I ordered the Lowepro 250 AW and was sent a standard Lowepro 250 by accident. The standard bag receives high marks everywhere you look, so I kept the standard model and re-ordered the 250 AW to compare and contrast. Notes are below:

SIMILARITIES
- Total camera storage space in the bottom segment is the same.

- Both camera compartments have speed access: side zippers that allow you to pull your arm out of the right shoulder strap, sling the bag around on your left shoulder, and then unzip only a small portion of the camera compartment to remove the body and attached lens (without exposing the rest of your camera gear).

- Velcro segments to configure the camera compartment is around the same - though the AW comes with one longer/skinner segment apparently designed to horizontally separate a compartment for two microphones

- Storage in the top segment is the same.

- Contruction materials/quality appear to the same.

DIFFERENCES

SHOULDER STRAPS

250: One strap has a built-in "cell phone" pouch (albeit a very small pouch - would hold a large pocket knife/leatherman tool. The other strap has an elastic loop into which you can insert other Lowepro pouches for holding additional gear.

AW: No pouches or pouch holders - instead, a plastic D ring is on each strap for carabiners, etc...

WAIST STRAPS

250: Has a couple inches of padding on each side before the strap for theoretically more comfort. Straps cannot be tucked away

AW: Straps are attached directly to the bag - no padding to "ease" the transition. Pockets on the bag allow you to stash the straps out of the way if you don't want/need them

STERNUM STRAPS

250: None

AW: Included. Are vertically adjustable on each side for comfort

SIDES OF PACK

250: Open weave mesh pouch with elasticized compression cord on one side; zippered pouch on the other. No tripod pouch.

AW: closed weave mesh pouch on one side. Below this pouch is a tripod pouch that can be pulled out when needed and tucked away when not needed. No zippered pouch on opposite side

TOP COMPARMENT

250: Exteior of the compartment has a zippered pocket for holding relatively flat items like manuals. Interior has two small Velcro-covered pockets for various items and a two pen pockets. Approximately a 3x5 elasticized mesh pocket.

AW: Exteior of the compartment has a zippered pocket for holding relatively flat items like manuals. Compression straps are attached to both sides of the exterior of this compartment to keep things strapped down (including a tripod on one side). Interior of compartment has one flat pocket (for a manual, map or something flat) with no Velcro closures. A clear plastic business card-sized pocket for business card/ID tag. A slightly larger elasticized mesh pocket than the 250. A zippered pocket in the back of the this compartment (again, flatter items only). An elastic strap at the bottom of this compartment holds down a removable gear pouch. The interior of this zippered gear pouch has 5 elastic loops for keeping cords organized as well as 3 plastic "popsicle sticks" that slide in the loops that prevent your cables from becoming tangled. (I'm sure there's a technical term for this, but I'm not a photographer).

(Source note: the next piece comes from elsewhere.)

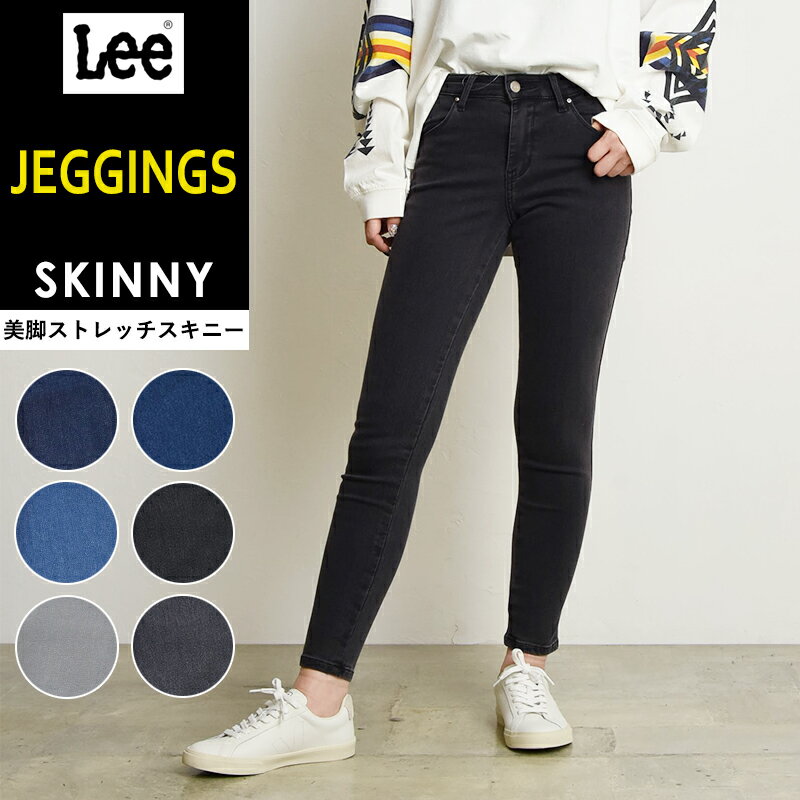 【セール／10%OFF】Lee リー JEGGINGS ジェギンス スキニー 美脚 デニムパンツ レギンスパンツ レディース 女性 婦人 ストレッチ デニム ジーンズ ジーパン デギンス 定番 スリム LL1370【gs0】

The interior also includes 2 small pockets. The exterior of the removed pouch has a zippered pocket.

CAMERA COMPARTMENT

250: A flap with zippered pocket covers most of the camera compartment - it attaches to the backpack with two straps. When you open the camera compartment, two small Velcro pockets (sized to hold memory cards) are attached to the "lid".

AW: no flap - just a strap to prevent you from opening the camera compartment too far if using the speed access (see above under "similarities"). When you open the camera compartment, two small Velcro pockets (sized to hold memory cards) are attached to the "lid".

COMPUTER COMPARTMENT

250: Side access only (same side as the speed access zippers for the camera compartment)

AW: Zippers cover the top half of the bag for top access/limited side access. I can't measure the interior of the computer pocket, but it "feels" bigger - perhaps because of the top access)

RAIN COVER

250: none.

AW: Built in. Can be tucked away to the underside of the bag.

I ultimately went with the AW model, primarily for the tripod holder. Though I won't be taking video equipment, I'll use the small bag in the top compartment to store cords iPhone/iPad charger, etc...It was a tough choice, though - I am not a videographer and therefore didn't need the removable gear bag in the top compartment. Since I liked some of the design features/exterior pockets on the standard 250 model, I was considering going with the standard model and then purchasing a sternum strap and rain cover separately.

The bottom line is you have two good options depending on your needs, which I guess is why Lowepro is selling to variations of the "same" bag.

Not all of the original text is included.